Mr. Justice Goldenhersh

delivered the opinion of the court:

Plaintiff appeals from the judgment of the circuit court of Cook County entered upon allowance of defendant’s motion for judgment on the pleadings.

Plaintiff, a minor, was watching defendant, City of Chicago’s, fire department fight a fire when a fireman lost control of a fire hose which struck and injured him. The amended complaint alleges numerous acts of negligence by the firemen. The city pleaded section 5 — 103 of the Local Governmental and Governmental Employees Tort Immunity Act (Ill. Rev. Stat. 1969, ch. 85, par. 5 — 103(b)) as an affirmative defense and plaintiff moved to strike the defense on the ground that the statute is unconstitutional. Section 5 — 103(b) provides that “* * * neither a local public entity nor a public employee acting in the scope of his employment, is liable for an injury caused by an act or omission of a public employee while engaged in fighting a fire.” The circuit court held the statute constitutional and granted the city’s motion for judgment on the pleadings. Pursuant to our Rule 302, plaintiff appeals directly to this court.

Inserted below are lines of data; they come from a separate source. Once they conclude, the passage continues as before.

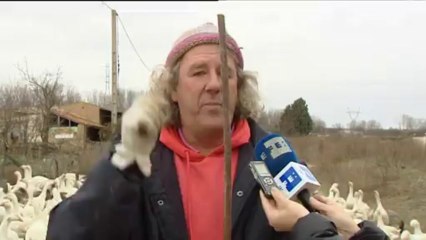 Estas ocas entrenan duro para acompañar a los Reyes Magos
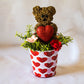 Sola Wood Flowers - Valentine's Day Bear Brown - Luv Sola Flowers
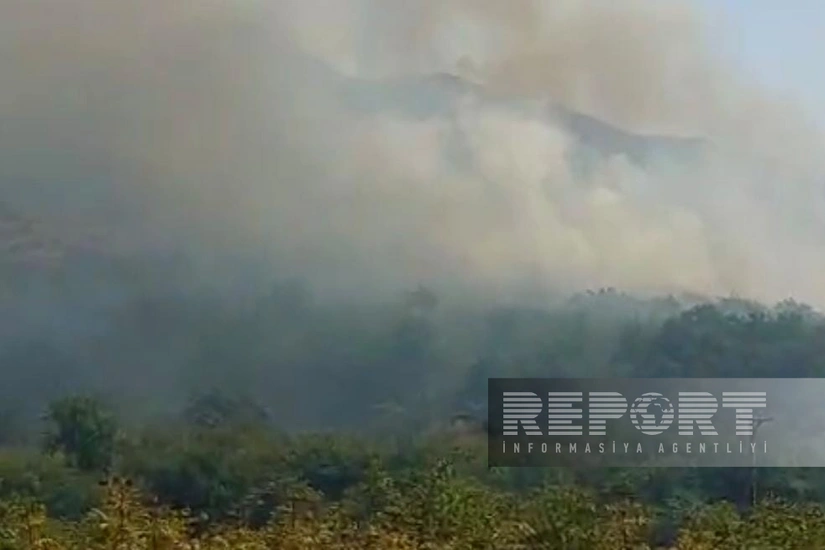 Ağdərənin bəzi ərazilərində yeni yanğınlar başlayıb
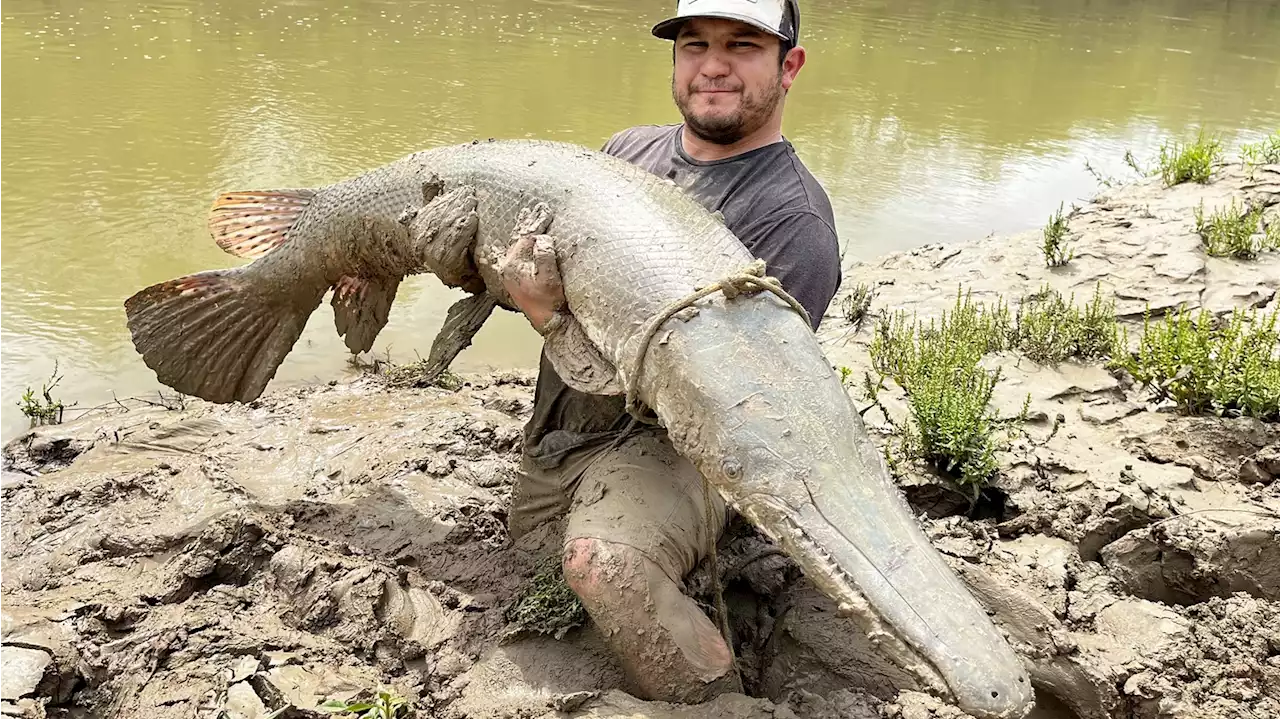 Texans, It Could Be Your Chance to Catch Giant Alligator Gar in the Trinity River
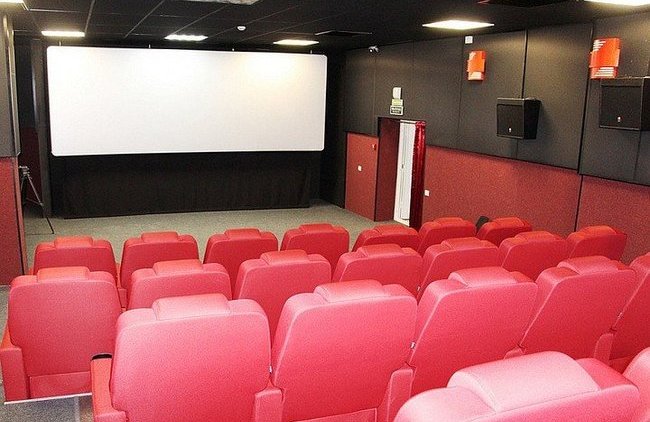Кинотеатры попросили Роспотребнадзор научить их бороться с коронавирусом - «Власть и Общество»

Plaintiff contends that section 5 — 103(b) arbitrarily and unreasonably discriminates among persons injured during fire fighting operations, and thus is unconstitutional. He points out that this statute purports to bar recovery against municipalities for personal injuries “caused by an act or omission of a public employee while engaged in fighting a fire”, while section 1 — 4—4 of the Illinois Municipal Code (Ill. Rev. Stat. 1969, ch. 24, par. 1 — 4—4) permits recovery for injuries caused “by the negligent operation of a motor vehicle by a member of a municipal fire department while the member is engaged in the performance of his duties as a fireman,” and section 1 of “An Act in relation to the tort liability of firemen of fire protection districts or corporations” (Ill. Rev. Stat. 1969, ch. 127^, par. '46) permits recovery for injuries caused “by the negligent operation of any motorized fire fighting equipment by a compensated fireman or authorized voluntary fireman * * * while he is engaged in the performance of his duties * * *.” He argues there is no rational difference between a person injured by a motor vehicle, one injured during a phase of a firefighting operation not involving a motor vehicle, or one injured by motorized fire fighting equipment. Further, he contends, there is no rational difference between the entitles involved, or their functions, which warrants such discrimination. Finally, he argues, there is neither a valid classification in terms of types of municipal functions nor by classification among the different governmental agencies that perform the same functions. In such circumstances, section 5 — 103(b) fails to satisfy the standards required by section 22 of article IV of the constitution of the State of Illinois.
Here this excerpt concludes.